This would involve a political decision by the United States and the Soviet Union to formally implement the understanding reached at Vladivostok. It would involve the political admission that further talks on outstanding issues are immediately required if the two countries are to continue the SALT process in good faith.

An agreement based upon the above would be subject to criticism. However, past arms agreements, because of their limited character, have also been subjected to criticism.
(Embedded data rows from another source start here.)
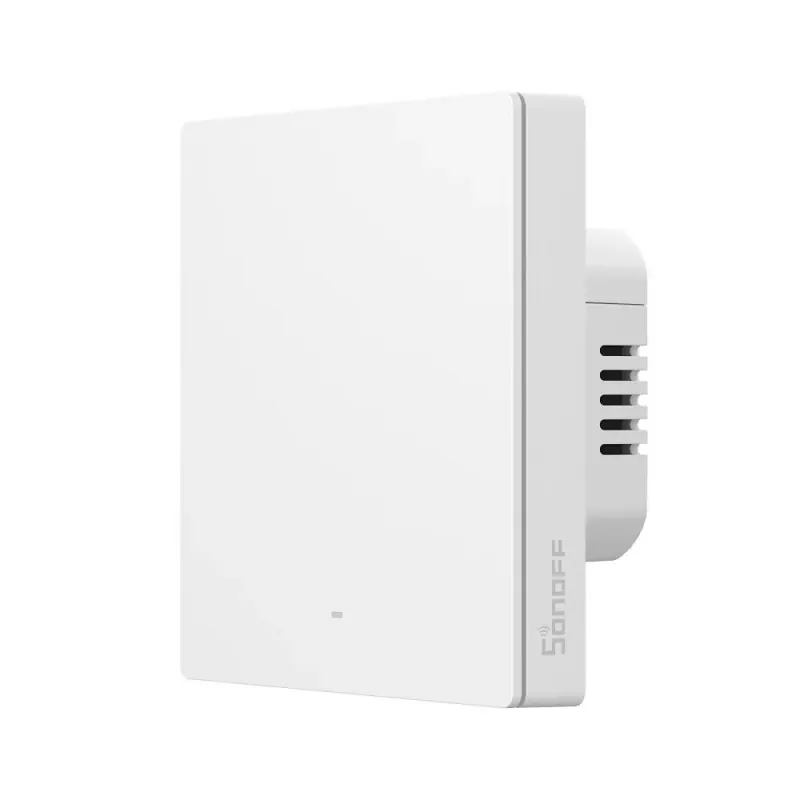 Sonoff Interrupteur mural Matter Wi-Fi M5 blanc 1 canal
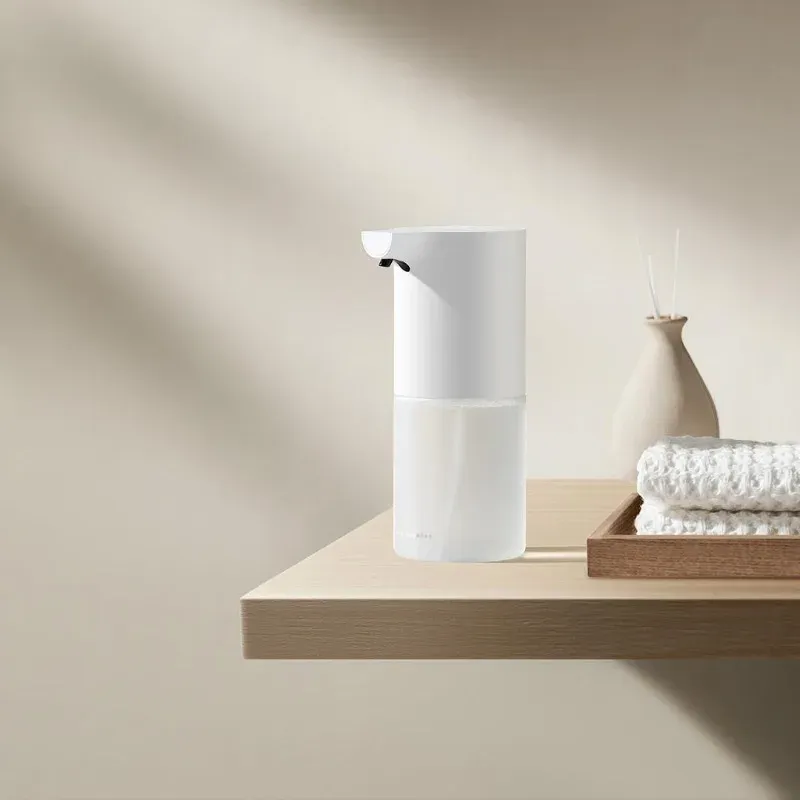Distributeur de savon moussant automatique Xiaomi Mijia 1S à induction, rechargeable par USB 3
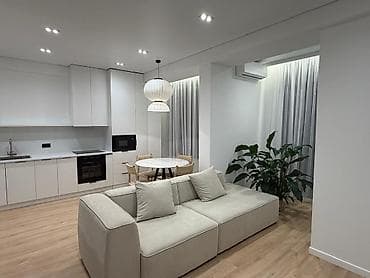 германская: 2 комнаты, 54 м², Элитка, 3 этаж, Дизайнерский ремонт — 3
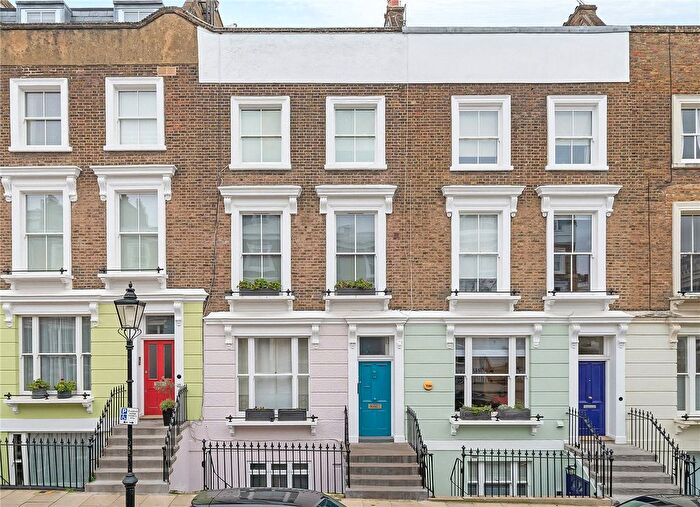 2 Bedroom Terraced House For Sale In Chalcot Road, London, NW1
All steps forward in the process of controlling nuclear weapons since 1963 have been limited, but collectively the Test Ban Treaty, the Seabeds Treaty, the Outer Space Treaty, the ABM Treaty and the Interim Offensive Agreement have made historic progress toward lessening the danger of general nuclear war and toward gradually expanding the umbrella of controls over strategic arms. The alternative to these steps toward effective limitation of nuclear weapons cannot be failure to make any progress at all.

  1. Source: Ford Library, National Security Adviser, Presidential Subject File, Box 20, SALT. Secret; Sensitive. Sent for information. Scowcroft wrote the following comment at the top of the page: “It is certainly an option to be examined.” On November 3, Scowcroft replaced Kissinger as Assistant to the President for National Security Affairs, leaving Kissinger to serve only as Secretary of State. Ford announced this and several other significant Cabinet-level personnel changes, including the nomination of Donald Rumsfeld to replace Schlesinger as Secretary of Defense, in a press conference that day. (Public Papers: Ford, 1975, pp. 1791–1793)
  2. A summary of NIE 11–5–75, “The Soviet Assessment of the US,” October 9, is Document 216 in Foreign Relations, 1969–1976, Vol. XVI, Soviet Union, August 1974–December 1976.
  3. See footnote 2, Document 106 and footnote 2, Document 107.
  4. Document 91.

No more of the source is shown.